Korkuteli ilçesi, Antalya’nın en eski yerleşim yerlerinden biri olmasıyla bilinir. Bölge tarihinde birçok medeniyete ev sahipliği yapmış olmasından dolayı Antalya’nın tarihi açıdan önemli ilçelerinden biri olma özelliğine sahiptir. Kaynaklarda eski adı İsinda olarak geçen ilçenin tarihi, Pisidyalılar dönemine kadar uzanmaktadır. Romalılar, Bizanslılar ve Osmanlı gibi birçok medeniyetin izlerinin görüldüğü ilçede, Romalılar Dönemi’nden kalma Keşiş Evi, Selçuklular Dönemi’nden kalma Sultan Alaaddin Camii ve hamam kalıntıları, Hamitoğullarından kalma Taş Medrese ilçenin ne kadar köklü bir tarihe sahip olduğunu kanıtlar niteliktedir.

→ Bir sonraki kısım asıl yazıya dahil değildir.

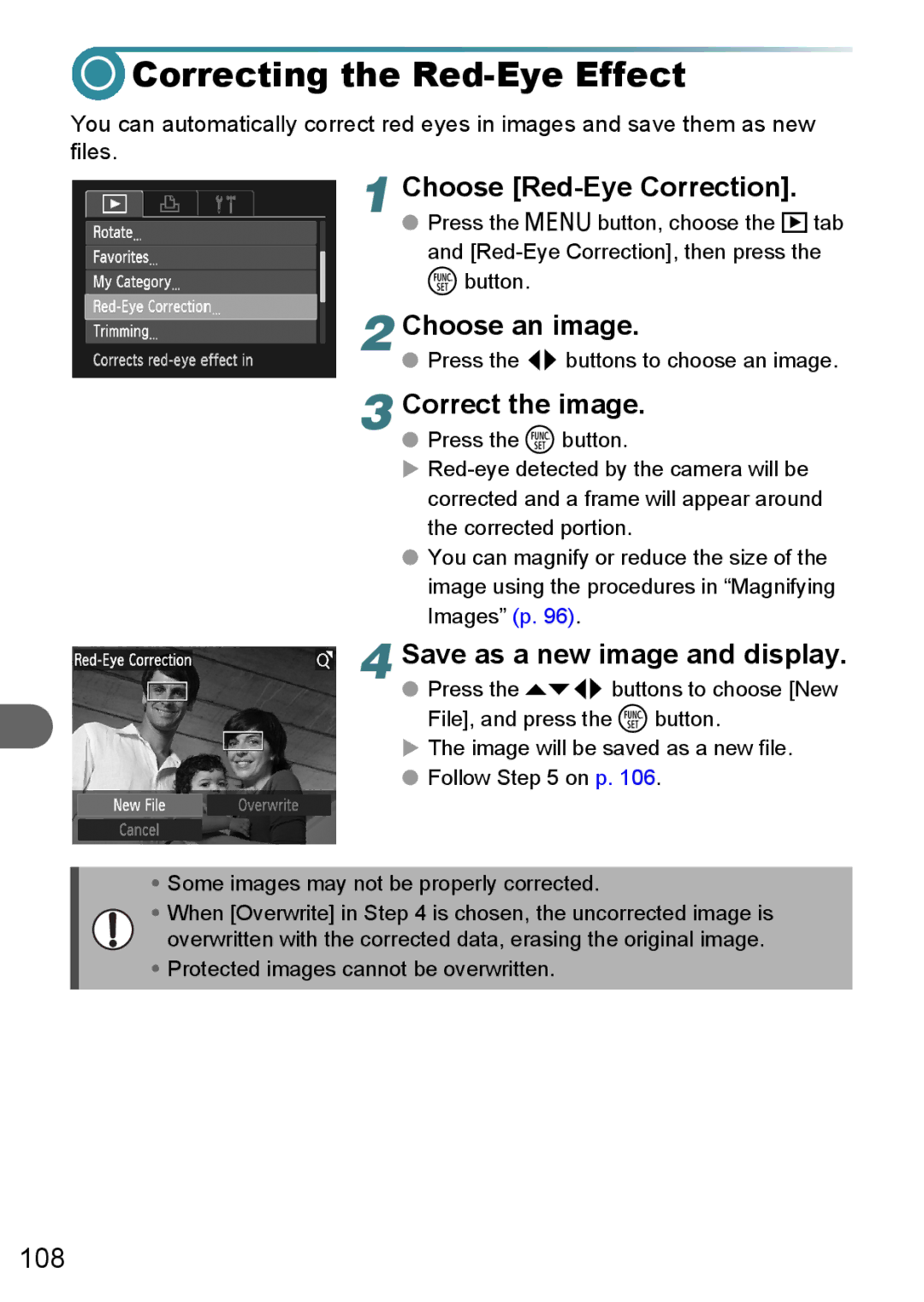 Canon A3000 IS, A3100 IS, A3150 IS manual Correcting the Red-Eye Effect, Choose Red-Eye Correction, Correct the image 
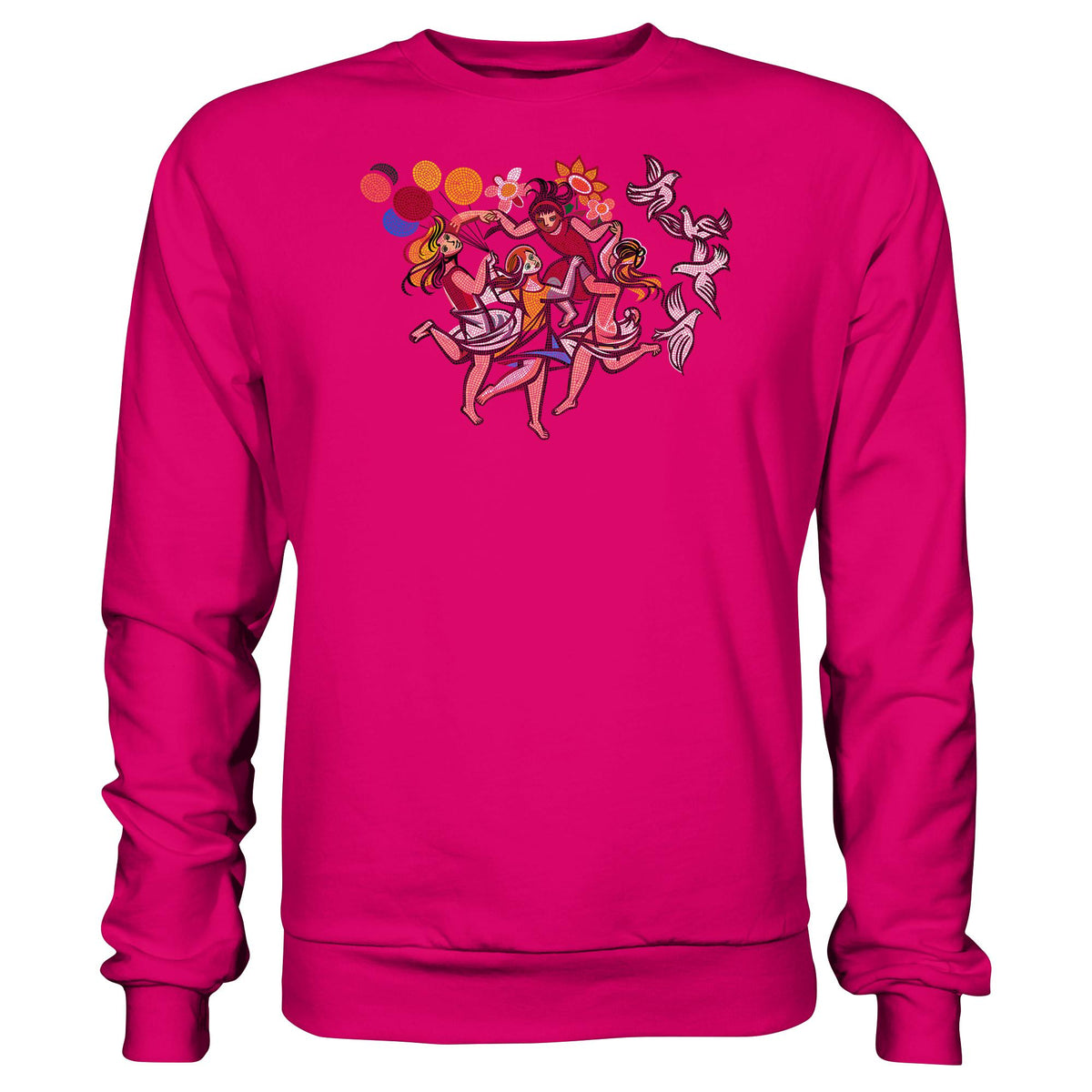 DDR Ostalgie Pullover Unisex • WALTER WOMACKA - TANZENDE MÄDCHEN MIT FRIEDENSTAUBEN (MOSAIK HAUS DES LEHRERS, 1964)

Bunun yanında nerdeyse ilçenin sembolü haline gelmiş, ziyaretçilerine tarihin tozlu sayfalarında kaybolma olanağı sağlayan eşşiz bir antik kent bulunmaktadır. Her yıl milyonlarca yerli ve yabancı turisti ağırlayan ve kendine hayran bırakan o büyülü kenti siz ziyaret ettiniz mi? İşte o büyülü kentin tüm detayları…
Termessos Antik Kenti
Termessos Antik Kenti, Türkiye’nin en iyi korunmuş antik şehirlerinden biridir. Döneminin dağ kentlerindendir. Bölgede bulunan kaplıcaları sayesinde Milli Park sınırları içine dahil edilmiştir. Termessos, Akdeniz Bölgesinde Antalya ili sınırları içinde yer alıyor. Ören yeri, Termessos Güllük Milli Parkı içinde bulunuyor. Antalya-Korkuteli karayolunun 24. Kilometresinden sola dönüldüğünde Güllük Dağındaki ören yerine ulaşılıyor.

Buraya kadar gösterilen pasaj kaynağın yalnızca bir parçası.